火车很快就出发了,这时候李芸倒也没打扰我,自个儿从她随身携带的手提包里,拿了两包栗子放在我的旁边,也没问我要不要吃,自己吃得津津有味儿。

 女孩子最喜欢这些小零食,我看她包鼓鼓的,里面肯定装了不少东西。从这点不难看出,她肯定早有准备,说不好昨晚上她就有想法,只不过没说出来而已。

 窗外的雪景极速掠过,我托着两腮两眼凝望着,心里默默在温习着自己所会的法术。

 在家里那段日子里,我虽然沉浸于伤怀当中,但脑子也不糊涂,知道往后或许还有很多事情需要法术解决,最起码的开店,你得有点真本事才行吧?

 所以我一直在钻研邪咒里面的东西,对鬼妖的察觉方式,种类区分,对症下药的方法等等,其中学得最多的属于对鬼妖的分辨,以及对付方法。

 当然,还有一种咒人的方法我是绝不会落下的,这是邪咒最为突出的特色,虽然咒人法式非常复杂,但我学习过后会有很多用处,比如以后看见马浩那王八蛋,至少得弄他个三天三夜睡不着觉才行!

 邪咒整本书我算是全记下来了,不说滚瓜烂熟,但重点内容基本可以说倒背如流。

 只不过有些法术还欠缺道行,不能使用出来。有的即使能用,也没那么深厚的道行来控制,得勤加练习,加上刻苦历练才能成长。

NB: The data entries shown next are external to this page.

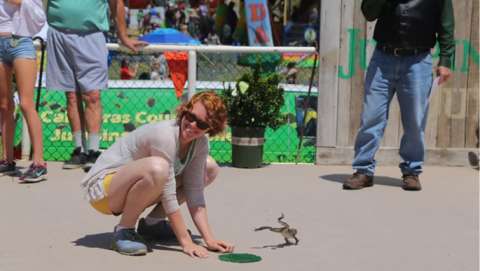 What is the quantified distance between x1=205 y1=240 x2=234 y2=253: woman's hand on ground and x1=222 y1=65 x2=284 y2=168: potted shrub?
3.06 meters

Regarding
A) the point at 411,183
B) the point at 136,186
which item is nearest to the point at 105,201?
the point at 136,186

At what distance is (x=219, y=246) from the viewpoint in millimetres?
4832

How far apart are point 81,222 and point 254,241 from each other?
1188mm

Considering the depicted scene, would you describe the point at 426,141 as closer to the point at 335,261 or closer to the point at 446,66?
the point at 446,66

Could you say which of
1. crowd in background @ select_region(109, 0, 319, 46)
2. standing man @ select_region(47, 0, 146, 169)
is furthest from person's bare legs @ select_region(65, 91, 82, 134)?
crowd in background @ select_region(109, 0, 319, 46)

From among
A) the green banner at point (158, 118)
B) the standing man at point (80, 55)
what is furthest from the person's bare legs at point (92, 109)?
the green banner at point (158, 118)

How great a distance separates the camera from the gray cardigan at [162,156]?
15.2 feet

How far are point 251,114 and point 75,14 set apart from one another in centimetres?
178

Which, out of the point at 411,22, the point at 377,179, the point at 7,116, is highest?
the point at 411,22

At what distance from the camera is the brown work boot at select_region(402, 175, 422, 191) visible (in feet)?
23.1

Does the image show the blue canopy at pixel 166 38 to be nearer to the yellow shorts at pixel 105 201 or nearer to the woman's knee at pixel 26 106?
the woman's knee at pixel 26 106

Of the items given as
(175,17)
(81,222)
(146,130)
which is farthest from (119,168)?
(175,17)

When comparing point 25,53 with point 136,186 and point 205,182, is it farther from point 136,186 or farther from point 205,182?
point 136,186

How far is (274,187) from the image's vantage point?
7.05m
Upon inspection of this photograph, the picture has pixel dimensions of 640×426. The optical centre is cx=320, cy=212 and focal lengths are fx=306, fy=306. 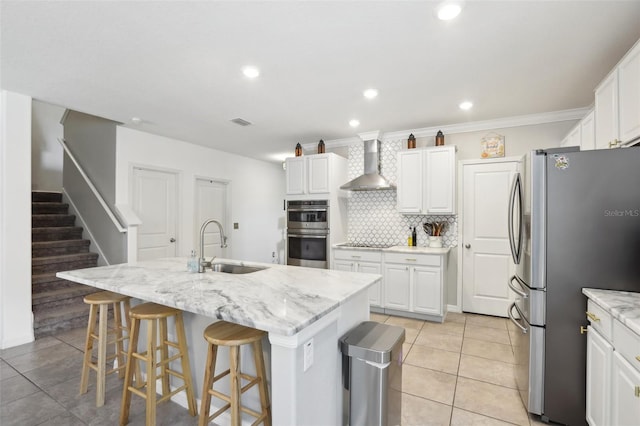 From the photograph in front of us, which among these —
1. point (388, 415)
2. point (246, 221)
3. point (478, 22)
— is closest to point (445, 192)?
point (478, 22)

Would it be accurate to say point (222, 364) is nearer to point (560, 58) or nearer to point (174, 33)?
point (174, 33)

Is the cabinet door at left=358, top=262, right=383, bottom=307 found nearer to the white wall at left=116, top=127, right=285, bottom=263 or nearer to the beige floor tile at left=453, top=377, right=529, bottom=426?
the beige floor tile at left=453, top=377, right=529, bottom=426

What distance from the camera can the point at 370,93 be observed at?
10.0 ft

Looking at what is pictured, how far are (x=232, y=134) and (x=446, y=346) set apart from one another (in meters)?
3.97

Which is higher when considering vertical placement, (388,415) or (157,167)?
(157,167)

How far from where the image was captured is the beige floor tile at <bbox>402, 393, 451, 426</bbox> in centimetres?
198

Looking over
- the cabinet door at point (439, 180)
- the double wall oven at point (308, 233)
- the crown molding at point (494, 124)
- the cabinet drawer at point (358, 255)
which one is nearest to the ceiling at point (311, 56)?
the crown molding at point (494, 124)

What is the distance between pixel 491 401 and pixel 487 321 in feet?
6.09

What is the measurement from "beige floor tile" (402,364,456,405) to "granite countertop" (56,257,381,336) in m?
1.00

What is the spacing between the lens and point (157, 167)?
4.66 m

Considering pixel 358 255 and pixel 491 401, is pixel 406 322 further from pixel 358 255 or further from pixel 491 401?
pixel 491 401

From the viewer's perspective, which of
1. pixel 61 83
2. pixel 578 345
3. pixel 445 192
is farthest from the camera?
pixel 445 192

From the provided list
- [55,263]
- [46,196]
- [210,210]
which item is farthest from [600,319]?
[46,196]

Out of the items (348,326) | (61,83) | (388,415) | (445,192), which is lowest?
(388,415) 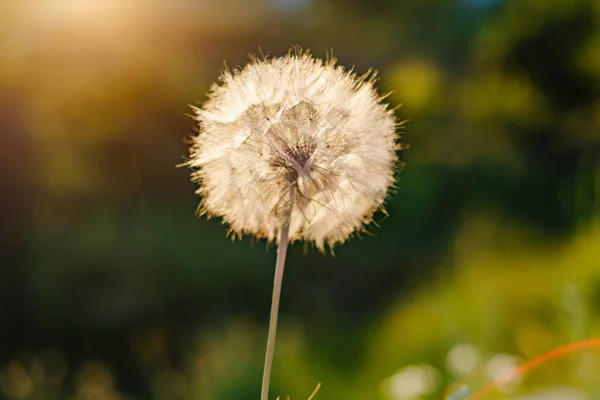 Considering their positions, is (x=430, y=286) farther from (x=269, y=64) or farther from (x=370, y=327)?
(x=269, y=64)

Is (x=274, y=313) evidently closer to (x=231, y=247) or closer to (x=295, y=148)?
(x=295, y=148)

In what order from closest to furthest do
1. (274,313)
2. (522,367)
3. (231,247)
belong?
1. (274,313)
2. (522,367)
3. (231,247)

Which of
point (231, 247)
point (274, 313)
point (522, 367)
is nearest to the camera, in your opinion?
point (274, 313)

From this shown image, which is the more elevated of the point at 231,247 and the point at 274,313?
the point at 231,247

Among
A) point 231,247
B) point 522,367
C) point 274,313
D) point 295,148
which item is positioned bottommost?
point 274,313

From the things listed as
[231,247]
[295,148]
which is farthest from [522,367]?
[231,247]

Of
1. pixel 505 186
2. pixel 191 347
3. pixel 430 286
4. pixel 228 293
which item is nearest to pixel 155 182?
pixel 228 293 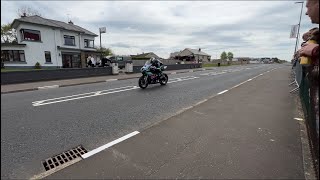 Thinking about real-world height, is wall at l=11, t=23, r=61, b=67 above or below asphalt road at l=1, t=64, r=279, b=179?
above

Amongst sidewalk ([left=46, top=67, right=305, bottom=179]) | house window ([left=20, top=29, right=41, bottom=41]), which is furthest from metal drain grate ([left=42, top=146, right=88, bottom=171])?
house window ([left=20, top=29, right=41, bottom=41])

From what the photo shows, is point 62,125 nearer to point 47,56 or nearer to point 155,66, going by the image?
point 155,66

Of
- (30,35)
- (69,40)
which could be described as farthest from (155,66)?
(69,40)

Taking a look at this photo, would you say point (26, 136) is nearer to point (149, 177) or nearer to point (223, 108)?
point (149, 177)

 但我就不明白了,为什么我的对手怎么回回都那么强?这种情况非常危险,搞不好先别说历练了,直接嗝屁都很正常。

 不知不觉天色暗下来了,车里的服务员已经开始推着餐车送晚饭,这里面可没外边自由,卖的清一色都是炒饭,并且很贵,一份也就小碗那么点儿,还收几十块钱。

 我本来是没心思吃,不过怕李芸跟我风饿着她,只好硬着头皮要了两份,跟想象中的一样难吃,其实也不是难吃,只不过是地方口味儿不适合我而已。

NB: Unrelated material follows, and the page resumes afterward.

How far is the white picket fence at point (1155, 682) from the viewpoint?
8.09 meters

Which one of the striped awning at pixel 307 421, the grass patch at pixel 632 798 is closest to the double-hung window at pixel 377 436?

 李芸倒是没在意,不过我就有些难以下咽了,这东西辣椒都不放,没意思,吃了几口就放下吃不进去,居然想剩饭。

 没想到李芸见我剩饭,指着我就把她教书育人那招搬弄出来,并且还一点儿也不给我面子,当着众人面说我浪费粮食是不好的行为,必须改善。

 我被她弄得欲哭无泪,只好憋住了气准备把饭收拾干净。

 “先生,没关系的,不合口味可以自己去调的。”送餐妹子不但人长得漂亮,性格也挺腼腆,她微笑着对我说。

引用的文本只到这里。